Extracted data
+---+

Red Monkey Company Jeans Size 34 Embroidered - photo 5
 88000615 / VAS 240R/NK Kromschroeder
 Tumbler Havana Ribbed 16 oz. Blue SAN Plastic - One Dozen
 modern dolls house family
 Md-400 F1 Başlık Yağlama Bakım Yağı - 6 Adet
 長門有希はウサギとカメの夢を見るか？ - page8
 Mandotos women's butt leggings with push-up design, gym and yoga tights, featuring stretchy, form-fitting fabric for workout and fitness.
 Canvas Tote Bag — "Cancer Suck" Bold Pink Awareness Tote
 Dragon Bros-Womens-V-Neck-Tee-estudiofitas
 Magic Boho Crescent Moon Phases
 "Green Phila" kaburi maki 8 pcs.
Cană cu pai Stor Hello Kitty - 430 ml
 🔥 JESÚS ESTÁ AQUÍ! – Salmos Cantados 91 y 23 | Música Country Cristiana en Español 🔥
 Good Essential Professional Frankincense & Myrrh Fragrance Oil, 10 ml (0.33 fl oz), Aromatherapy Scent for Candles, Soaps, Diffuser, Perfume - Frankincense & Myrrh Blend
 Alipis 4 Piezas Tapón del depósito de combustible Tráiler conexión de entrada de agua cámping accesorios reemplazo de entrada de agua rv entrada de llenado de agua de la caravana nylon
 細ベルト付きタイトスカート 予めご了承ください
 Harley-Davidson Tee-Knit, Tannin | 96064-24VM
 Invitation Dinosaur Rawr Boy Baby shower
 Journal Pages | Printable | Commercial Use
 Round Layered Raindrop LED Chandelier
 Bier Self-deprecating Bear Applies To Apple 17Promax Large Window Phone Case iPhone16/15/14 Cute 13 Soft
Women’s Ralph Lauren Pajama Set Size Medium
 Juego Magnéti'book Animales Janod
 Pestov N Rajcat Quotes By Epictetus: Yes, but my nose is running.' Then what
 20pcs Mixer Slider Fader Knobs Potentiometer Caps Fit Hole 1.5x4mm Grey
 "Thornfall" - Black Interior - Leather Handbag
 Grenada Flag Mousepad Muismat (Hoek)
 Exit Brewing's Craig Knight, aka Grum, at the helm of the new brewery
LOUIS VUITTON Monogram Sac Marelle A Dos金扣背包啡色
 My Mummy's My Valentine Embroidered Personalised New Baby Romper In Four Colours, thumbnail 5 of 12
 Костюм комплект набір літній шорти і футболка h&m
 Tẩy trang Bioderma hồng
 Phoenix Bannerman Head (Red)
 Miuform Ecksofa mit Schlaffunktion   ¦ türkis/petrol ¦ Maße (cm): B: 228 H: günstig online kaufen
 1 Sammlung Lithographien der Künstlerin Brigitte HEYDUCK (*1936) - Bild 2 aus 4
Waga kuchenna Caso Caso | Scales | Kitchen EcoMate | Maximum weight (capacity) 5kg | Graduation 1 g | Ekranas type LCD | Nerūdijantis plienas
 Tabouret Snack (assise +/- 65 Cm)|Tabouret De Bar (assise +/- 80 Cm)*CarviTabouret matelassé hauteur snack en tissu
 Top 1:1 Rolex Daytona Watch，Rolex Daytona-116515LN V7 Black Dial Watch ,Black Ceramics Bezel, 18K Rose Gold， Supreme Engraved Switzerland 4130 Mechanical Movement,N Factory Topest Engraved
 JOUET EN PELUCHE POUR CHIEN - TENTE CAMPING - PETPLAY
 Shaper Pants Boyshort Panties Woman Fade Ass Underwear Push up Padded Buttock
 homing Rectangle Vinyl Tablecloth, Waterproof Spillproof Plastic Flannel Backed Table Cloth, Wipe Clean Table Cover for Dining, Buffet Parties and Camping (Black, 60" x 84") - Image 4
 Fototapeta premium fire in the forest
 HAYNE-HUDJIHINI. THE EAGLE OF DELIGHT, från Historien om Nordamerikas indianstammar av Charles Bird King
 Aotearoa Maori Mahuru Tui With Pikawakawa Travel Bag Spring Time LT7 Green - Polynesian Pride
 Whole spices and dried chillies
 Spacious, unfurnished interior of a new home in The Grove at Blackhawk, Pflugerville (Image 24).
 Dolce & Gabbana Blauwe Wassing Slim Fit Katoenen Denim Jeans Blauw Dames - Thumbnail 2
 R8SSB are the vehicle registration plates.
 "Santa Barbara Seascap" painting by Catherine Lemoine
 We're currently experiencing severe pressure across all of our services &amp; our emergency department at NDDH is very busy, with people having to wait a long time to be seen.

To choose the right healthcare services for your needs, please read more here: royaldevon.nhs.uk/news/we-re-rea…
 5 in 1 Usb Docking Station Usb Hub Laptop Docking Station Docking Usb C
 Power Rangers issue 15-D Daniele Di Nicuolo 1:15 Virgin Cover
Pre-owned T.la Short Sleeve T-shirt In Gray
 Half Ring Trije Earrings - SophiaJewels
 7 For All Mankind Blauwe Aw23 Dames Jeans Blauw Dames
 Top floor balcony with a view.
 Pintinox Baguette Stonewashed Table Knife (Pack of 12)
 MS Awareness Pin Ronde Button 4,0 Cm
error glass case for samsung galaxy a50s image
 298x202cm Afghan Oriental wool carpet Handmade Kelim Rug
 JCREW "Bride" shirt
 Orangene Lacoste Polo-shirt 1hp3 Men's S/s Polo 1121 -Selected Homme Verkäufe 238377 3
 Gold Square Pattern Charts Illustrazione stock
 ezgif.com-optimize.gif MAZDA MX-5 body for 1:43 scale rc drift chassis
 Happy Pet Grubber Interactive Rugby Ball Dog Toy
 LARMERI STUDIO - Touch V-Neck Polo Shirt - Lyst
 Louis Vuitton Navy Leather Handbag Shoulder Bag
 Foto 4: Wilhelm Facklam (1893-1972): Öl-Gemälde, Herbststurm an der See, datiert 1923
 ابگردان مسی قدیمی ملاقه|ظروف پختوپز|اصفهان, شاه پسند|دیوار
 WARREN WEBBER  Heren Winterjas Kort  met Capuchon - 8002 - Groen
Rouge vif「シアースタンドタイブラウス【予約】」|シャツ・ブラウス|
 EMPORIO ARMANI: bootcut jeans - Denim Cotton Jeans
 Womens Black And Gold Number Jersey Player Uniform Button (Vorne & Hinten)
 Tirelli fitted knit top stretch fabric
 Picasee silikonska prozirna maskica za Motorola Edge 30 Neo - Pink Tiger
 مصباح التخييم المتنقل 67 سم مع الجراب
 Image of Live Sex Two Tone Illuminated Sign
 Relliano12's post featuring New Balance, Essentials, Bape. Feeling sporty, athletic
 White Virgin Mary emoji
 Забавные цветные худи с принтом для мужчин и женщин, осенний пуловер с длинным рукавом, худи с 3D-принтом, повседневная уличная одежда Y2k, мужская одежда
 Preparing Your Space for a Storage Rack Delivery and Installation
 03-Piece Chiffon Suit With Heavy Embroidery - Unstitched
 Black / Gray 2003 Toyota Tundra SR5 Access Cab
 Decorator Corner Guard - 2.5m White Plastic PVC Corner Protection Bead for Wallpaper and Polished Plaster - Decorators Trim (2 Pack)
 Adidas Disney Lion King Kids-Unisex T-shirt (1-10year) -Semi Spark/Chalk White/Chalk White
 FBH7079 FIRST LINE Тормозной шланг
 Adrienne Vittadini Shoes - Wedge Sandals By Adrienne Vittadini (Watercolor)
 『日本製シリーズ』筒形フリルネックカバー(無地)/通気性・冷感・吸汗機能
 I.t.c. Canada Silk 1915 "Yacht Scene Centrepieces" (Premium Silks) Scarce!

+---+

What is being asked
Quote all of the entries exactly as they appear.

Response to the task
Red Monkey Company Jeans Size 34 Embroidered - photo 5
 88000615 / VAS 240R/NK Kromschroeder
 Tumbler Havana Ribbed 16 oz. Blue SAN Plastic - One Dozen
 modern dolls house family
 Md-400 F1 Başlık Yağlama Bakım Yağı - 6 Adet
 長門有希はウサギとカメの夢を見るか？ - page8
 Mandotos women's butt leggings with push-up design, gym and yoga tights, featuring stretchy, form-fitting fabric for workout and fitness.
 Canvas Tote Bag — "Cancer Suck" Bold Pink Awareness Tote
 Dragon Bros-Womens-V-Neck-Tee-estudiofitas
 Magic Boho Crescent Moon Phases
 "Green Phila" kaburi maki 8 pcs.
Cană cu pai Stor Hello Kitty - 430 ml
 🔥 JESÚS ESTÁ AQUÍ! – Salmos Cantados 91 y 23 | Música Country Cristiana en Español 🔥
 Good Essential Professional Frankincense & Myrrh Fragrance Oil, 10 ml (0.33 fl oz), Aromatherapy Scent for Candles, Soaps, Diffuser, Perfume - Frankincense & Myrrh Blend
 Alipis 4 Piezas Tapón del depósito de combustible Tráiler conexión de entrada de agua cámping accesorios reemplazo de entrada de agua rv entrada de llenado de agua de la caravana nylon
 細ベルト付きタイトスカート 予めご了承ください
 Harley-Davidson Tee-Knit, Tannin | 96064-24VM
 Invitation Dinosaur Rawr Boy Baby shower
 Journal Pages | Printable | Commercial Use
 Round Layered Raindrop LED Chandelier
 Bier Self-deprecating Bear Applies To Apple 17Promax Large Window Phone Case iPhone16/15/14 Cute 13 Soft
Women’s Ralph Lauren Pajama Set Size Medium
 Juego Magnéti'book Animales Janod
 Pestov N Rajcat Quotes By Epictetus: Yes, but my nose is running.' Then what
 20pcs Mixer Slider Fader Knobs Potentiometer Caps Fit Hole 1.5x4mm Grey
 "Thornfall" - Black Interior - Leather Handbag
 Grenada Flag Mousepad Muismat (Hoek)
 Exit Brewing's Craig Knight, aka Grum, at the helm of the new brewery
LOUIS VUITTON Monogram Sac Marelle A Dos金扣背包啡色
 My Mummy's My Valentine Embroidered Personalised New Baby Romper In Four Colours, thumbnail 5 of 12
 Костюм комплект набір літній шорти і футболка h&m
 Tẩy trang Bioderma hồng
 Phoenix Bannerman Head (Red)
 Miuform Ecksofa mit Schlaffunktion   ¦ türkis/petrol ¦ Maße (cm): B: 228 H: günstig online kaufen
 1 Sammlung Lithographien der Künstlerin Brigitte HEYDUCK (*1936) - Bild 2 aus 4
Waga kuchenna Caso Caso | Scales | Kitchen EcoMate | Maximum weight (capacity) 5kg | Graduation 1 g | Ekranas type LCD | Nerūdijantis plienas
 Tabouret Snack (assise +/- 65 Cm)|Tabouret De Bar (assise +/- 80 Cm)*CarviTabouret matelassé hauteur snack en tissu
 Top 1:1 Rolex Daytona Watch，Rolex Daytona-116515LN V7 Black Dial Watch ,Black Ceramics Bezel, 18K Rose Gold， Supreme Engraved Switzerland 4130 Mechanical Movement,N Factory Topest Engraved
 JOUET EN PELUCHE POUR CHIEN - TENTE CAMPING - PETPLAY
 Shaper Pants Boyshort Panties Woman Fade Ass Underwear Push up Padded Buttock
 homing Rectangle Vinyl Tablecloth, Waterproof Spillproof Plastic Flannel Backed Table Cloth, Wipe Clean Table Cover for Dining, Buffet Parties and Camping (Black, 60" x 84") - Image 4
 Fototapeta premium fire in the forest
 HAYNE-HUDJIHINI. THE EAGLE OF DELIGHT, från Historien om Nordamerikas indianstammar av Charles Bird King
 Aotearoa Maori Mahuru Tui With Pikawakawa Travel Bag Spring Time LT7 Green - Polynesian Pride
 Whole spices and dried chillies
 Spacious, unfurnished interior of a new home in The Grove at Blackhawk, Pflugerville (Image 24).
 Dolce & Gabbana Blauwe Wassing Slim Fit Katoenen Denim Jeans Blauw Dames - Thumbnail 2
 R8SSB are the vehicle registration plates.
 "Santa Barbara Seascap" painting by Catherine Lemoine
 We're currently experiencing severe pressure across all of our services &amp; our emergency department at NDDH is very busy, with people having to wait a long time to be seen.

To choose the right healthcare services for your needs, please read more here: royaldevon.nhs.uk/news/we-re-rea…
 5 in 1 Usb Docking Station Usb Hub Laptop Docking Station Docking Usb C
 Power Rangers issue 15-D Daniele Di Nicuolo 1:15 Virgin Cover
Pre-owned T.la Short Sleeve T-shirt In Gray
 Half Ring Trije Earrings - SophiaJewels
 7 For All Mankind Blauwe Aw23 Dames Jeans Blauw Dames
 Top floor balcony with a view.
 Pintinox Baguette Stonewashed Table Knife (Pack of 12)
 MS Awareness Pin Ronde Button 4,0 Cm
error glass case for samsung galaxy a50s image
 298x202cm Afghan Oriental wool carpet Handmade Kelim Rug
 JCREW "Bride" shirt
 Orangene Lacoste Polo-shirt 1hp3 Men's S/s Polo 1121 -Selected Homme Verkäufe 238377 3
 Gold Square Pattern Charts Illustrazione stock
 ezgif.com-optimize.gif MAZDA MX-5 body for 1:43 scale rc drift chassis
 Happy Pet Grubber Interactive Rugby Ball Dog Toy
 LARMERI STUDIO - Touch V-Neck Polo Shirt - Lyst
 Louis Vuitton Navy Leather Handbag Shoulder Bag
 Foto 4: Wilhelm Facklam (1893-1972): Öl-Gemälde, Herbststurm an der See, datiert 1923
 ابگردان مسی قدیمی ملاقه|ظروف پختوپز|اصفهان, شاه پسند|دیوار
 WARREN WEBBER  Heren Winterjas Kort  met Capuchon - 8002 - Groen
Rouge vif「シアースタンドタイブラウス【予約】」|シャツ・ブラウス|
 EMPORIO ARMANI: bootcut jeans - Denim Cotton Jeans
 Womens Black And Gold Number Jersey Player Uniform Button (Vorne & Hinten)
 Tirelli fitted knit top stretch fabric
 Picasee silikonska prozirna maskica za Motorola Edge 30 Neo - Pink Tiger
 مصباح التخييم المتنقل 67 سم مع الجراب
 Image of Live Sex Two Tone Illuminated Sign
 Relliano12's post featuring New Balance, Essentials, Bape. Feeling sporty, athletic
 White Virgin Mary emoji
 Забавные цветные худи с принтом для мужчин и женщин, осенний пуловер с длинным рукавом, худи с 3D-принтом, повседневная уличная одежда Y2k, мужская одежда
 Preparing Your Space for a Storage Rack Delivery and Installation
 03-Piece Chiffon Suit With Heavy Embroidery - Unstitched
 Black / Gray 2003 Toyota Tundra SR5 Access Cab
 Decorator Corner Guard - 2.5m White Plastic PVC Corner Protection Bead for Wallpaper and Polished Plaster - Decorators Trim (2 Pack)
 Adidas Disney Lion King Kids-Unisex T-shirt (1-10year) -Semi Spark/Chalk White/Chalk White
 FBH7079 FIRST LINE Тормозной шланг
 Adrienne Vittadini Shoes - Wedge Sandals By Adrienne Vittadini (Watercolor)
 『日本製シリーズ』筒形フリルネックカバー(無地)/通気性・冷感・吸汗機能
 I.t.c. Canada Silk 1915 "Yacht Scene Centrepieces" (Premium Silks) Scarce!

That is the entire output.